Personal information
- Born: 23 October 1982 (age 42)

International information
- National side: Germany;
- T20I debut (cap 12): 11 May 2019 v Belgium
- Last T20I: 11 September 2021 v Spain
- Source: Cricinfo, 11 September 2021

= Amith Sarma =

German cricketer (born 1982)

Amith Sarma (born 23 October 1982) is a German cricketer, who has played for the national team. He was named in Germany's squad for the 2017 ICC World Cricket League Division Five tournament in South Africa. He played in Germany's opening fixture, against Ghana, on 3 September 2017.

He played a key role in Germany's Division 2 Europe success, helping them secure promotion and winning Division 1 to reach the 2017 Global ICC Qualifier in Benoni, South Africa.
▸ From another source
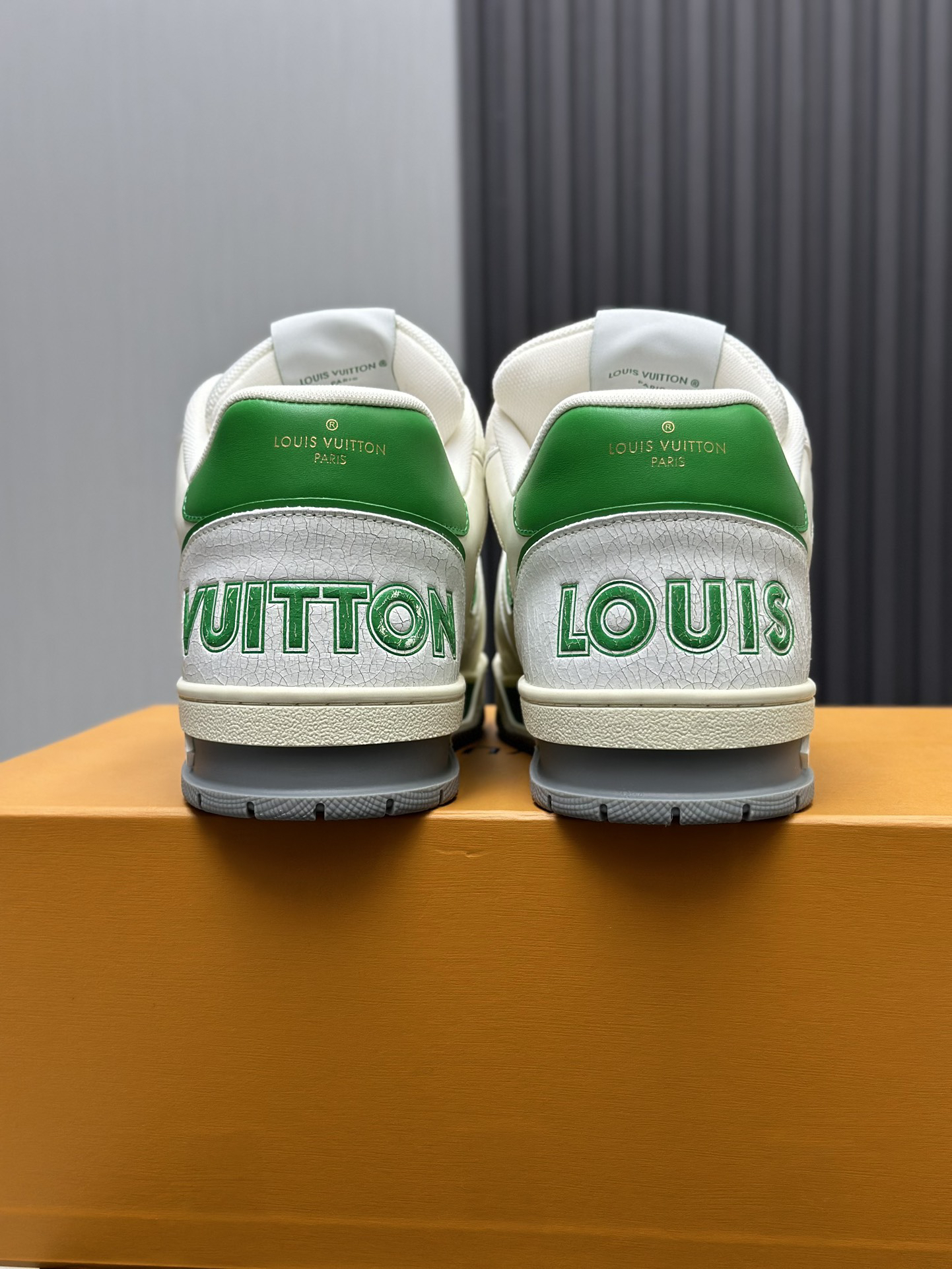 Louis Vuitton Shoes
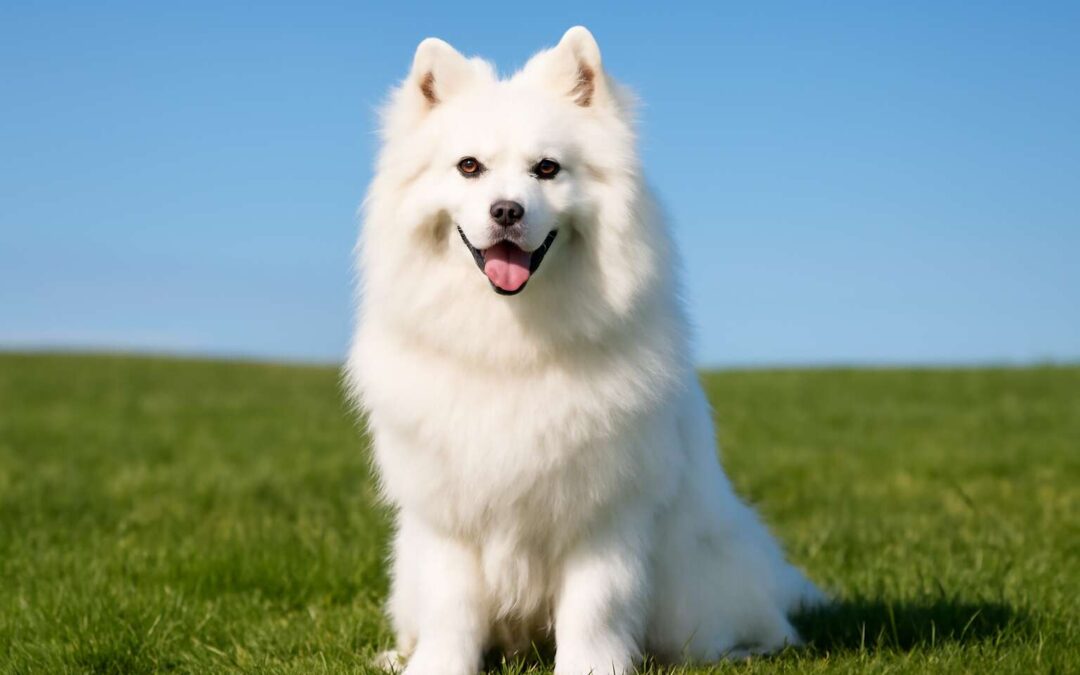 All About the Samoyed Dog: A Friendly, Fluffy Companion with a Loving Nature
He has also captained several times and was also added to the squad for the 2021 ICC T20 Global Qualifiers in Oman where Germany finished 4th place in Group A.

In May 2019, he was named in Germany's Twenty20 International (T20I) squad for their three-match series against Belgium. The matches were the first T20Is to be played by the German cricket team. He made his T20I debut for Germany as Captain against Belgium on 11 May 2019. In June 2019, he was added to Germany's squad for the Regional Finals of the 2018–19 ICC T20 World Cup Europe Qualifier tournament in Guernsey.